Directory Based Cache Coherence
Cache coherence mechanisms
Directory-based coherence: In a directory-based system, the data being shared is placed in a common directory that maintains the coherence between caches. The directory acts as a filter through which the processor must ask permission to load an entry from the primary memory to its cache. When an entry is changed the directory either updates or invalidates the other caches with that entry.
Snooping is the process where the individual caches monitor address lines for accesses to memory locations that they have cached. When a write operation is observed to a location that a cache has a copy of, the cache controller invalidates its own copy of the snooped memory location.
A snoop filter reduce the snooping traffic by maintaining a plurality of entries, each representing a cache line that may be owned by one or more nodes. When replacement of one of the entries is required, the snoop filter selects for replacement the entry representing the cache line or lines owned by the fewest nodes, as determined from a presence vector in each of the entries. A temporal or other type of algorithm is used to refine the selection if more than one cache line is owned by the fewest number of nodes.
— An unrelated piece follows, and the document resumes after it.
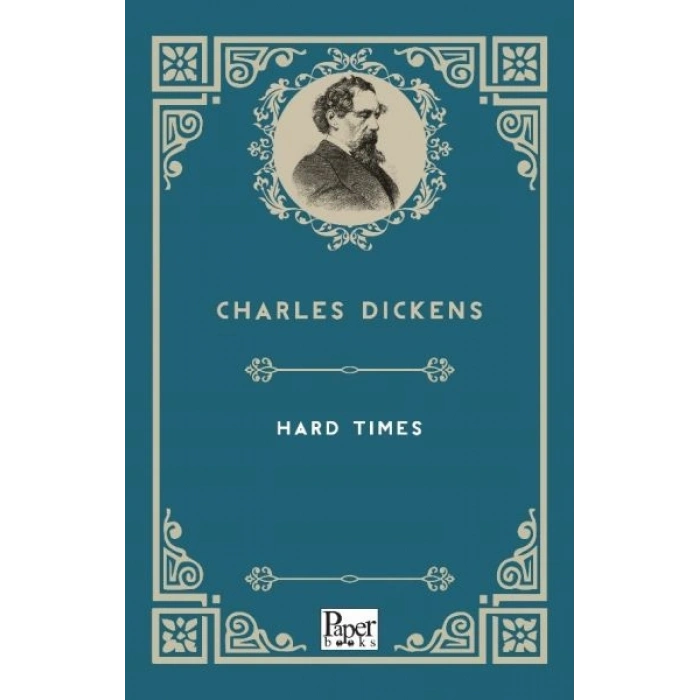 Hard Times (İngilizce Kitap)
Snarfing is where a cache controller watches both address and data in an attempt to update its own copy of a memory location when a second master modifies a location in main memory. When a write operation is observed to a location that a cache has a copy of, the cache controller updates its own copy of the snarfed memory location with the new data.
Distributed shared memory systems mimic these mechanisms in an attempt to maintain consistency between blocks of memory in loosely coupled systems.
The two most common types of coherence that are typically studied are Snooping and Directory-based, each having its own benefits and drawbacks. Snooping protocols tend to be faster, if enough bandwidth is available, since all transactions are a request/response seen by all processors. The drawback is that snooping isn't scalable. Every request must be broadcast to all nodes in a system, meaning that as the system gets larger, the size of the (logical or physical) bus and the bandwidth it provides must grow.
Directories, on the other hand, tend to have longer latencies (with a 3 hop request/forward/respond) but use much less bandwidth since messages are point to point and not broadcast. For this reason, many of the larger systems (>64 processors) use this type of cache coherence.
Hypertransport uses snooping while Numascale's technology includes advanced directory based cache coherence. Some AMD processor models features snoop filtering.